Na adolescência, li sobre os mercados de Natal na Alemanha e fiquei fascinada. Quando morei em São Paulo, tive uma vizinha alemã cujo maior desejo era voltar à Alemanha para visitar os mercados de Natal, que ela descrevia como um mundo mágico, relembrando que, anualmente, sua família visitava três mercados, que em nada se pareciam com a comercialização do Natal a que assistimos hoje. No sul da Alemanha, recebem o nome de Mercado de Natal do Menino Jesus; no essencial, “nada mais é do que uma feira ao ar livre com comidas e bebidas típicas. Também tem artesanato, uma árvore de Natal bem grande e um presépio em tamanho real” (Maracy, do blog “Pequenos pelo Mundo”).
O Mercado de Natal é tradição cristã alemã que remonta à Idade Média.
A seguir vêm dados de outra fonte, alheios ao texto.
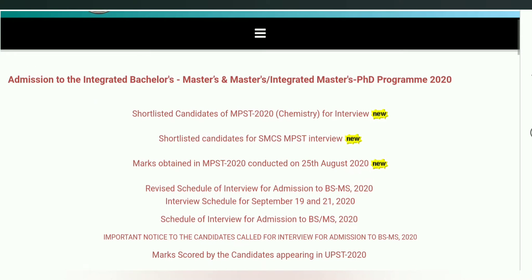Second option में है, shortlisted candidates for SMCS MPST interview. मतलब यहां पर और भी जो जो subject है — physics, interdisciplinary subject और जो subjects है — वो बच्चे जो exam, written exam दिया था, जो बच्चे select हुआ interview के लिए, उसका ID and name आया है.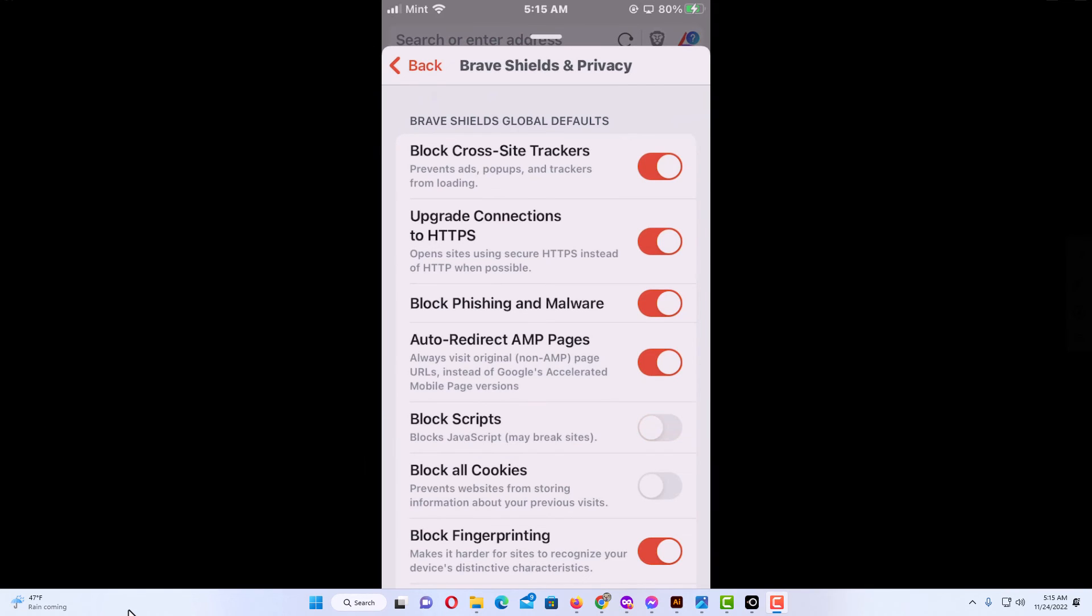That is how you enable or disable JavaScript on the Brave web browser using a mobile device. Thanks for watching.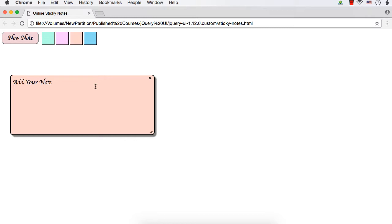So this is actually a very big project, the complete online sticky notes application. You can add more functionalities if you want. We have developed the online sticky notes application from scratch using jQuery UI's draggable and resizable interactions.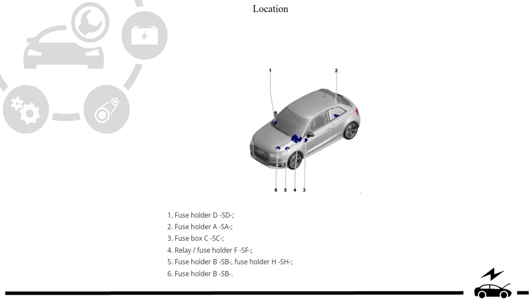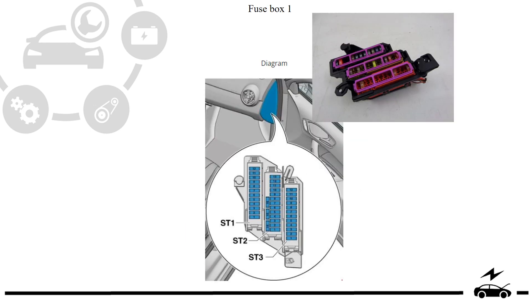Fuse box location, layout, fuse box photo, diagram.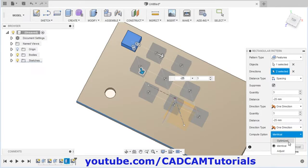Then we will create one rectangular hole. Click on rectangle, select this surface, and create one rectangle from center. Click on stop sketch, orbit it and we will create one hole — click on extrude, click inside the rectangle, reverse the direction, and click OK. Now this hole is created. Our path is not visible, so to make it visible, click on the arrow before sketches and click on the bulb before the sketch.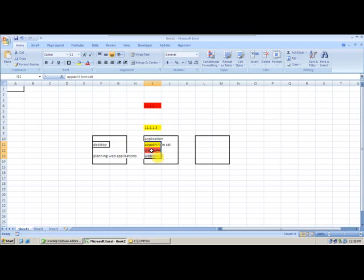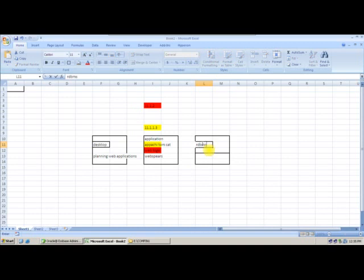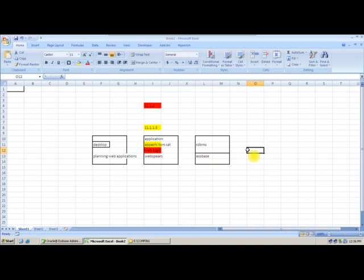Ours is a multidimensional database — Essbase is a multidimensional database. Planning cannot interact with your multidimensional database directly. So what they did is divide the database tier into two parts: RDBMS (relational database) and Essbase database. All framework-related information will be stored into your RDBMS, because these are web pages and web page related information is stored there.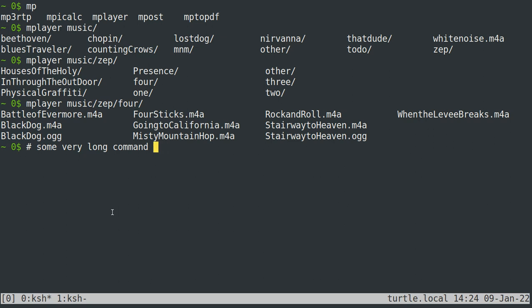Obviously backspace deletes backwards one character, but you might want to just delete one forward character. So control D will delete whatever is under your cursor, whereas backspace deletes what's to the left of it.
Em 2013, foram realizados 1.450 em toda a Alemanha, instalados pouco antes do Domingo do Advento e encerrados no dia 23 ou 24 de dezembro. O mercado de Frankfurt existe desde 1393; o Striezelmarkt, em Dresden, desde 1434; o de Nuremberg, o mais famoso, desde 1628. Há mercados de Natal de grande expressão em Copenhague, Dinamarca; Bolzano, Itália; Helsinque, Finlândia; Talin, Estónia; e Barcelona, Espanha.
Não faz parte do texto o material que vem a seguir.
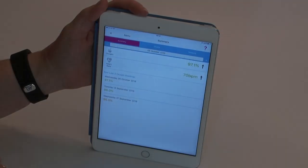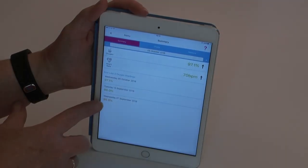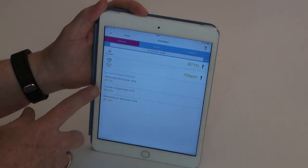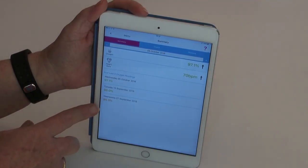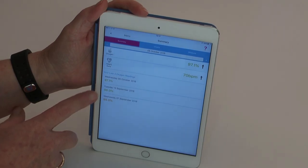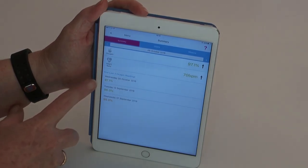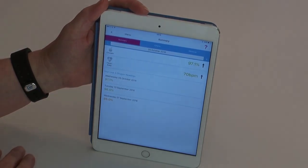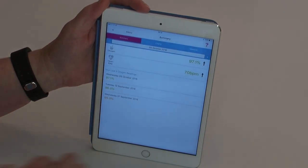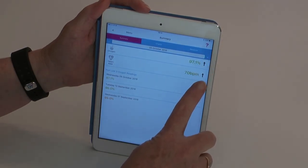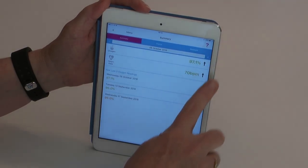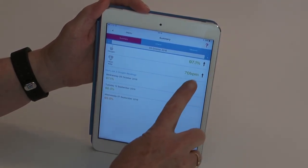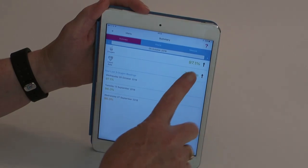The pulse oximeter 2 reading will indicate with colour coding whether it is within normal readings, cautious, or out of range in red, and will also give you a trending arrow which is either rising, equal to, or lower than previous day's readings.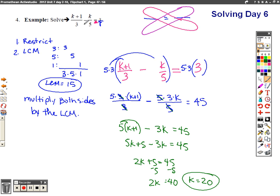Now I want to double-check: did I have any restrictions? Nope. So I don't have to restrict any values, but I want to check that k works. Plugging in 20: 20 plus 1 is 21, 21 divided by 3 is 7, minus 20 divided by 5 is 4, and 7 minus 4 equals 3 — that's a true statement. So I know 100% that I got the answer correct before turning this in.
Nos centros urbanos brasileiros há algo similar: bazar de Natal, sem a dimensão de feira/mercado de Natal, com produtos a preços baixos; e, em geral, são eventos cuja renda tem fins caritativos. “O bazar teve origem em tempos antigos, chegando a se tornar cenário de muitas histórias clássicas, como em ‘As Mil e Uma Noites’”.
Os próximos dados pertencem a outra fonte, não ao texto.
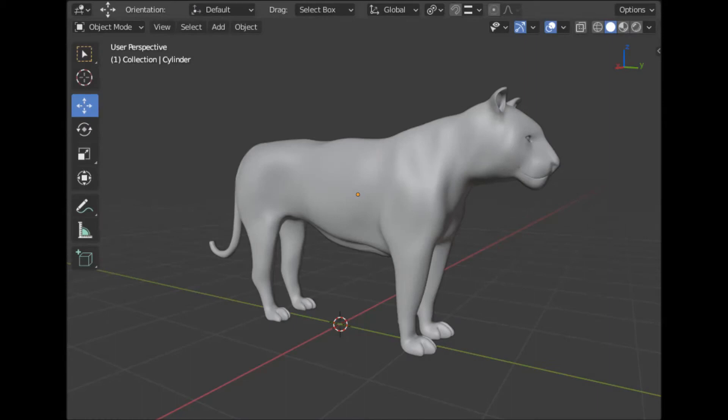Welcome to the second part of modeling a tiger in Blender. In this video I'm going to explain how to continue the modeling in Blender 2.9.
Quando li que um caminhão carregado de aço atingiu intencionalmente uma multidão no mercado de Natal em Berlim (19.12), no qual morreram 12 pessoas e 48 ficaram feridas, senti um misto de espanto e dor. E de imediato entendi que o que restava de espírito natalino seria enterrado com as vítimas. Dizem que o atentado não tem sentido religioso, porém a escolha da data e do evento dizem muito.
Cada atentado com a marca do terror é um escárnio à visão de paz, que não prescinde da compreensão de que a Terra e tudo que nela há nos foi dada para usufruto coletivo; logo, a paz não será alcançada num mundo de desigualdades sociais.